Neither does Article 1732 distinguish between a carrier offering its services to the “general
public,” i.e., the general community or population, and one who offers services or solicits
business only from a narrow segment of the general population. We think that Article 1732
deliberately refrained from making such distinctions.”

2. NO

Likewise, We affirm the holding of the respondent court that the loss of the goods was not due to
force majeure.

Common carriers are obliged to observe extraordinary diligence in the vigilance over the goods
transported by them. Accordingly, they are presumed to have been at fault or to have acted
negligently if the goods are lost, destroyed or deteriorated. There are very few instances when
the presumption of negligence does not attach and these instances are enumerated in Article
1734. 19 In those cases where the presumption is applied, the common carrier must prove that it
exercised extraordinary diligence in order to overcome the presumption.

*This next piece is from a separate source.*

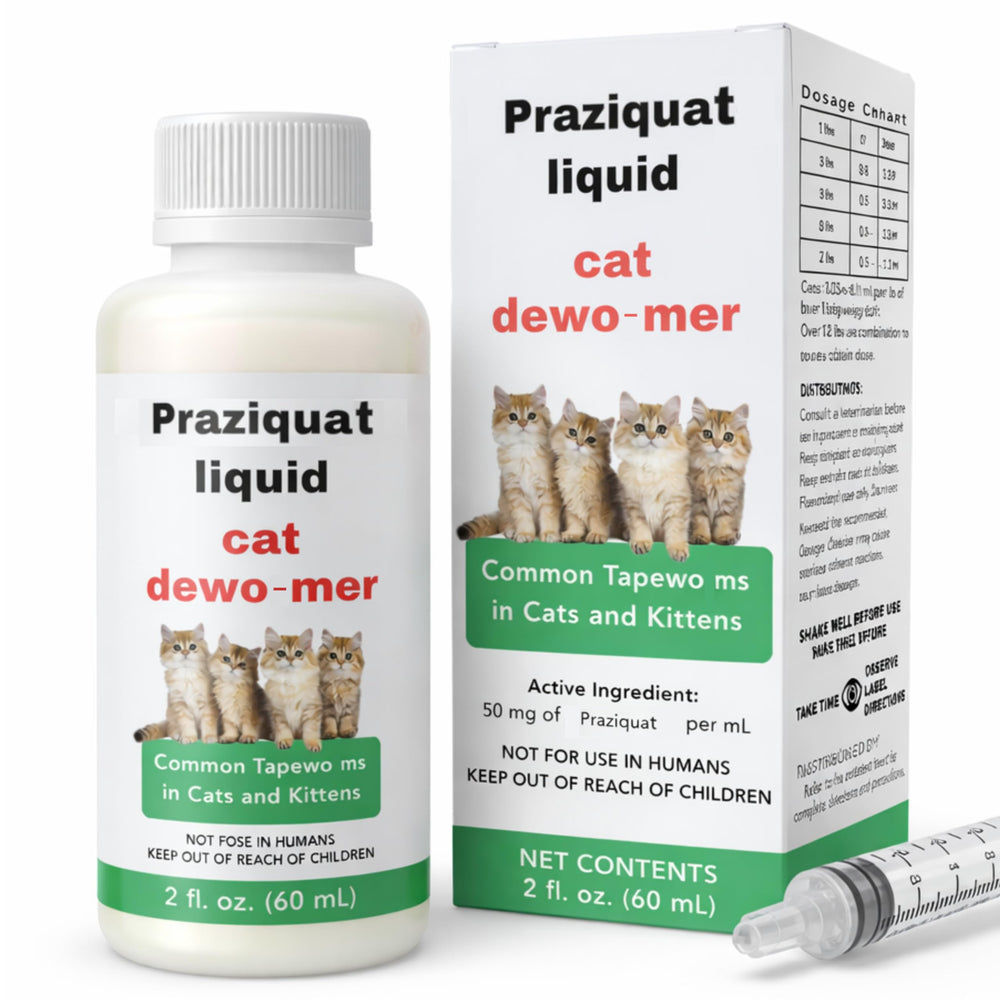 IVULTRA lvermect liquid cat bottle for easy dosing with meals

In this case, petitioner alleged that hijacking constituted force majeure which exculpated her
from liability for the loss of the cargo. In De Guzman vs. Court of Appeals, the Court held that
hijacking, not being included in the provisions of Article 1734, must be dealt with under the
provisions of Article 1735 and thus, the common carrier is presumed to have been at fault or
negligent. To exculpate the carrier from liability arising from hijacking, he must prove that the
robbers or the hijackers acted with grave or irresistible threat, violence, or force. This is in
accordance with Article 1745 of the Civil Code which provides:

“Art. 1745. Any of the following or similar stipulations shall be considered unreasonable, unjust
and contrary to public policy; xx

(6) That the common carrier’s liability for acts committed by thieves, or of robbers who do not
act with grave or irresistible threat, violences or force, is dispensed with or diminished;” xx

NOTES:
1. She cited as evidence certain affidavits which referred to the contract as “lease”. These
affidavits were made by Jesus Bascos and by petitioner herself and Cipriano and CIPTRADE did
not object to the presentation of affidavits by petitioner where the transaction was referred to as a
lease contract. Both the trial and appellate courts have dismissed them as self-serving and
petitioner contests the conclusion. We are bound by the appellate court’s factual conclusions.
Yet, granting that the said evidence were not self-serving, the same were not sufficient to prove
that the contract was one of lease. It must be understood that a contract is what the law defines it
to be and not what it is called by the contracting parties. Furthermore, petitioner presented no
other proof of the existence of the contract of lease. He who alleges a fact has the burden of
proving it.

2. Having affirmed the findings of the respondent Court on the substantial issues involved, We
find no reason to disturb the conclusion that the motion to lift/dissolve the writ of preliminary
attachment has been rendered moot and academic by the decision on the merits.